最近、めっぽう忙しくて、本を読んだり音楽を聴いたりする時間すらなかなか取れません。

そういう状態になると、法律書以外に読むのは新聞程度という、極めて散文的な状況に陥るのですが、その新聞から興味深い記事を見つけました。UBS(スイス金融最大手)によるクレディ・スイス・グループ(同2位)の救済買収の記事です。 

買収は、株式交換の形で実施され、クレディ・スイスの株主に対し、クレディ・スイス株22.48株あたりUBS株1株を割り当てられます。つまり、クレディ・スイスの株主は、一定のUBS株を受けとることができるわけで、クレディ・スイス株は全損になるわけではないのです。
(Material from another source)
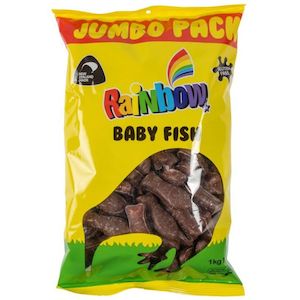 Chocolate 1: Rainbow Chocolate Baby Fish 1KG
その一方、劣後性が極めて高いとはいえ、債権の一種であるAT1債(Additional Tier 1)は、今回は全損処理されるということです。 

2023年3月21日付の日本経済新聞第3面のきょうのことば「AT1債」のコーナーに載っているとおり、「資本規制『バーゼル3』による銀行の資本・負債の弁済順位」は、弁済順位が高い順から、預金→普通社債→TLAC(総損失吸収力債)→劣後債→AT1債→普通株式などとなります。

もちろん、私はこんな細かい分類や順位は知りませんでしたが、破綻処理において債権が株式より優先弁済を受けられるのは常識で、今回の帰結には驚きました。
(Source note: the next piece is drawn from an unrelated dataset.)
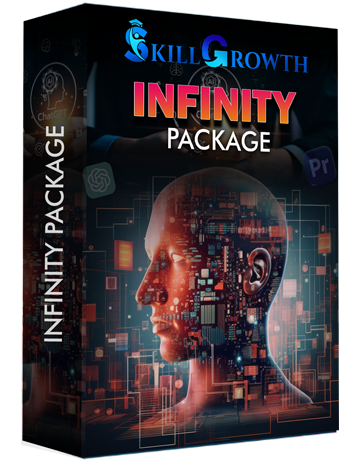 Infinity Course Package on affiliate marketing website - SkillGrowth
 このような帰結になった理由は、2023年3月21日付の日本経済新聞第3面の記事「きしむ世界の金融安全網」に載っていたので、少し長いですが引用します。「クレディ・スイスの救済では株式は一定の価値を保つのにAT1債が全損となった。通常、銀行が破綻した場合、まず株主責任が問われ、次にAT1債、劣後債、普通債と損失が発生する順序がある。だが、今回は違う形になった。なぜか。クレディ・スイスは破綻ではなく買収されたため、株主には一定の対価は支払われる。一方で「AT1債には『国からの支援策があった場合、元本割れとなる』という趣旨の契約条項が入っている」(日本の金融庁)ため、株式より先に債券であるAT1債の保有者が損失を受けることになった。」とのことです。

 つまり、今回は形式的には破綻処理ではなく買収だから株式には一定の価値が残る一方、AT1債の契約条項によりAT1債には減損処理の余地が生じ、本件では全損処理となったということなのです。

 確かに、本件は、形式的には破綻処理ではないのかもしれません。また、上記記事にも、「AT1債を発行する日本の大手銀の関係者は『今回はスイス政府主導の特殊なケースだとみられる』と指摘する。」と記載されています。

しかし、今回の買収は、救済買収であり、その買収がなければクレディ・スイスは破綻していた可能性が高く、実質的に破綻処理であるといえます。また、クレディ・スイスほどの世界的な大手銀行が破綻の危機に際した際に、世界的な金融危機を回避するために、政府主導で救済買収(例えば、今回はスイス政府は買収に伴う損失について90億スイスフランの政府保証をUBSに与えました)を主導することが、本当に特殊なケースなのでしょうか。リーマンショックによってシステミックリスクが生じたことに反省した各国政府・中央銀行が、大規模な金融機関が破綻に瀕した際に、今回のような措置をとることは容易に想定できるのではないでしょうか。

 そうすると、実質的にみて株式よりも保護されない金融商品としてAT1債を敬遠する動きが広がり、AT1債の価値が大幅に低下し、それをポートフォリオに組み込むファンドの価値が毀損し・・・というような連鎖が起きるリスクを排除できないように思います。かつて、2008年前後にサブプライムローンについて起こったことがAT1債について起こらないように願うばかりです。

 2023年3月21日付日本経済新聞第3面の下の方に、小さい記事「銀行の損失吸収『まず株式から』ECB、AT1巡り声明」が載っていました。欧州中央銀行(ECB)が、「最初に株式で損失を吸収した後にのみ、AT1債の評価減が求められる」という声明を出したということです。至極もっともだと言えるでしょう。金融不安への対応は、個別的な事案ごとに異なりえますし、臨機応変な対応は必要ですが、株式が債権に劣後するという原則を容易に損なうべきではないでしょう。原則を安易に破る対応は、市場の予測可能性を減少させ、長期的に金融市場の安定性を損なうでしょう。AT1債の契約条項を見直すなどして、金融不安への対応の際に、原則が破られにくくし、予測可能性を確保するのが今後の課題ではないでしょうか。

 以上に述べたとおり、クレディ・スイスの救済買収はスイスの名門金融機関が救済合併の対象となったという意味で衝撃的であったのに加え、株式が債権に劣後するという原則が実質的に破られたという点でも衝撃的だっとと言えるでしょう。